Num gesto do mais autêntico autoritarismo, minha médica mandou a atendente medir a circunferência da minha barriga e tomou a decisão unilateral de me decretar obeso. Claro que protestei veementemente contra o reconhecimento científico do meu visível arredondamento. Mas no fundo eu já vinha achando que estava na hora de abrir mão de alguns prazeres para poder voltar a encarar sem medo a minha parte do guarda-roupa. Além disso, já andava chateado com a dificuldade em executar certos movimentos, fazer um mínimo de força, sustentar o peso de alguns objetos.
É um fato da vida. Vamos entrando nos anos, dobrando o Cabo das Tormentas (ou da Boa Esperança, para os mais otimistas) e nos damos conta de que nos falta força. Não apenas a força física. Aquele ímpeto que nos incita o espírito também vai esmorecendo.
É hora, então, de economia. É preciso aprender a abrir mão dos excessos. O primeiro deles é o excesso de peso. Do nosso próprio peso. Depois, comecemos a pensar nos outros excessos, verdadeiros pesos pendurados na alma, puxando-nos pra baixo, prendendo-nos ao chão. O maior desses pesos, o principal deles, é a presunção. Aquele sentimento de que valemos muito mais do que imaginam os nossos pobres semelhantes. Aquilo que nos faz roubar no peso e enganar no troco quando nos vendemos no mercado das vaidades. É dessa presunção que derivam todos os outros excessos.
Já me faltam as forças.
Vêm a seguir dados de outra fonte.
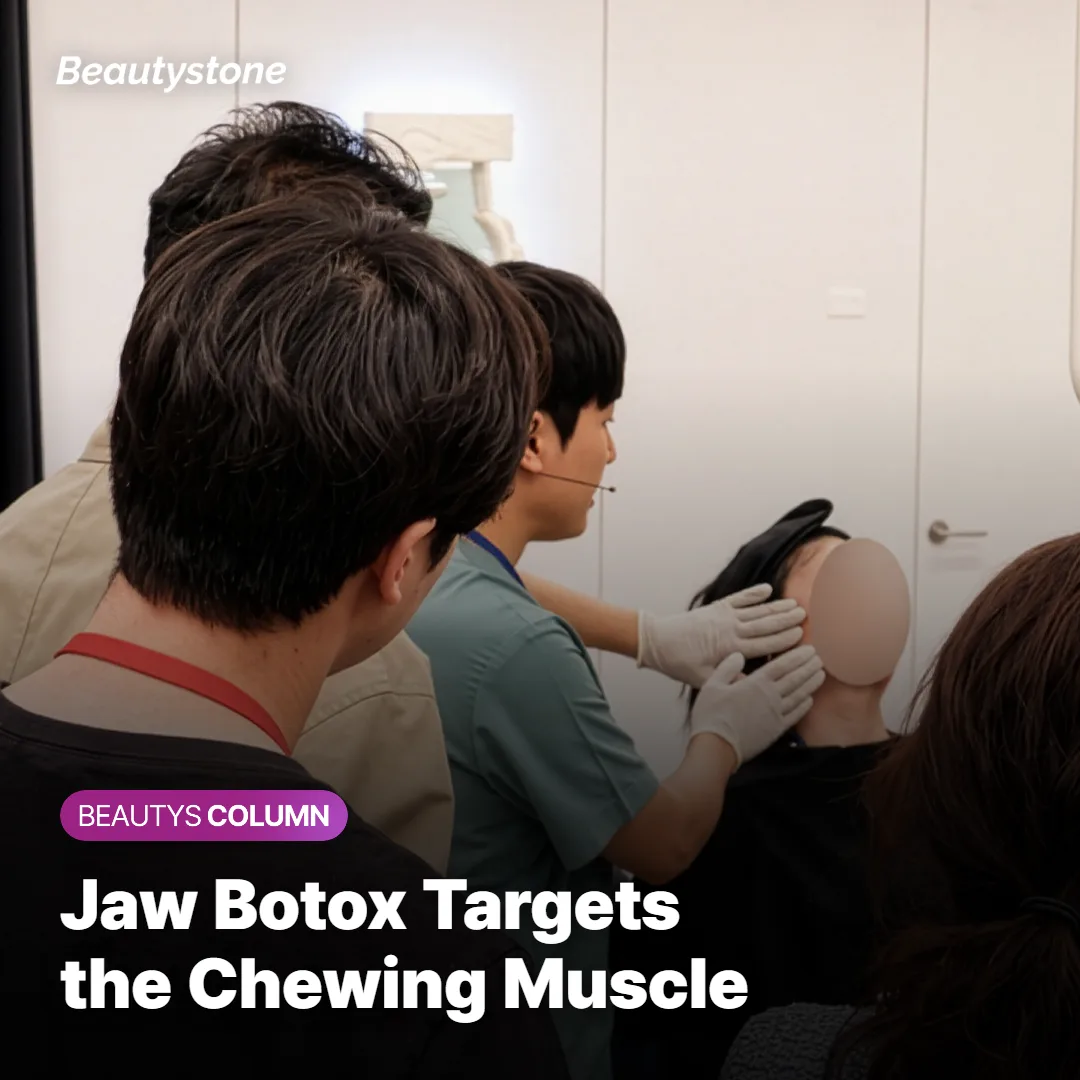 Diagram showing the masseter muscle at the jaw targeted by jaw Botox injections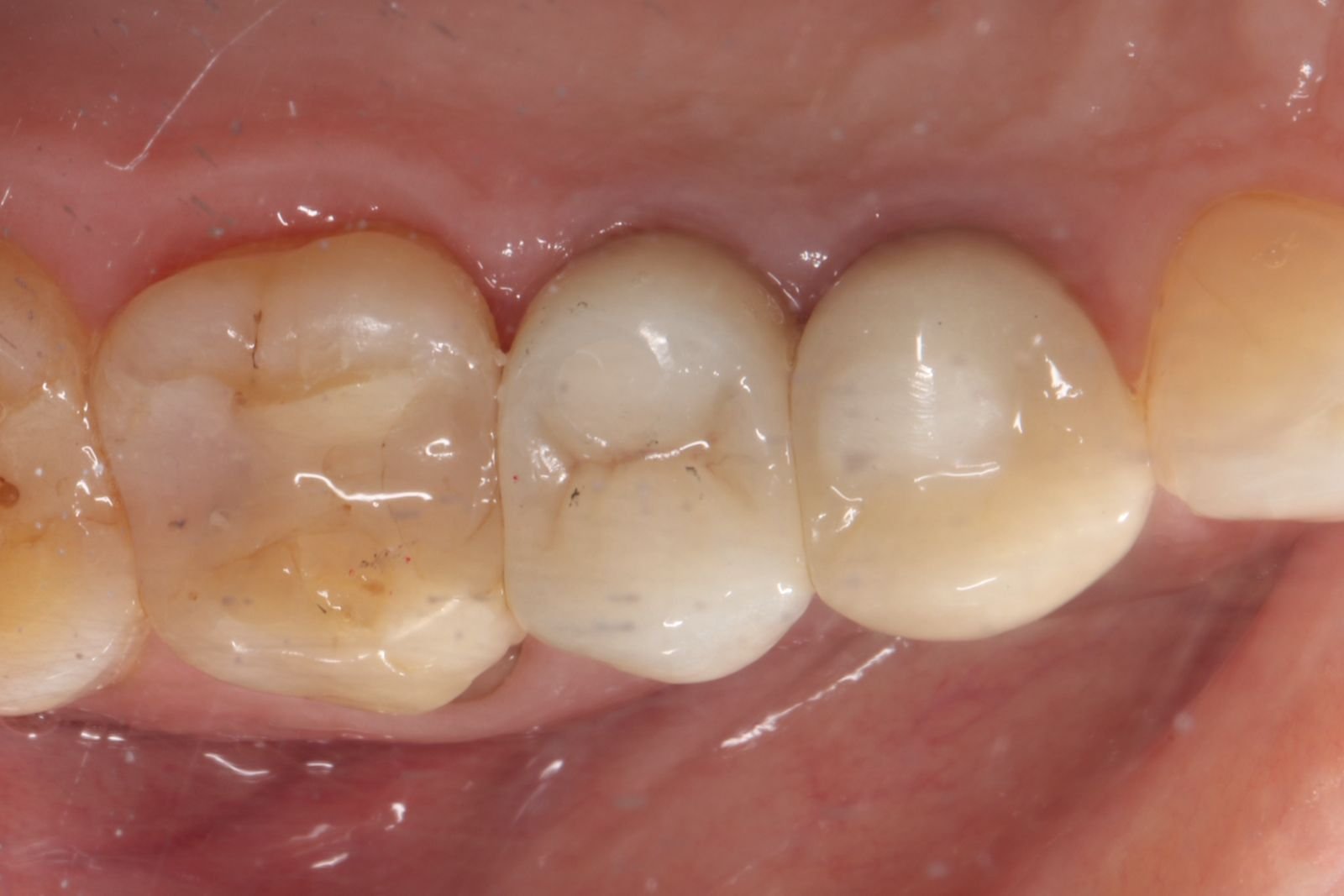 Implante dentario feito na voyah Clinic em Salvador Bahia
Preciso me livrar de certos projetos inalcançáveis. Sem abrir mão dos sonhos, é claro. Mas a alma leve, num claro paradoxo, me faz sonhar mais ao rés do chão. Sonhos, digamos assim, da mão pra boca. Plantar milho em março pra colher em junho.
Vou sugerir à minha médica que, além da fita métrica normal, tenha no consultório uma fita metafísica para medir a alma da clientela. A partir de certa medida o freguês será declarado um obeso anímico, sendo então obrigado a fazer um regime para perder também os pesos invisíveis. Aqueles que mais dificultam a nossa caminhada.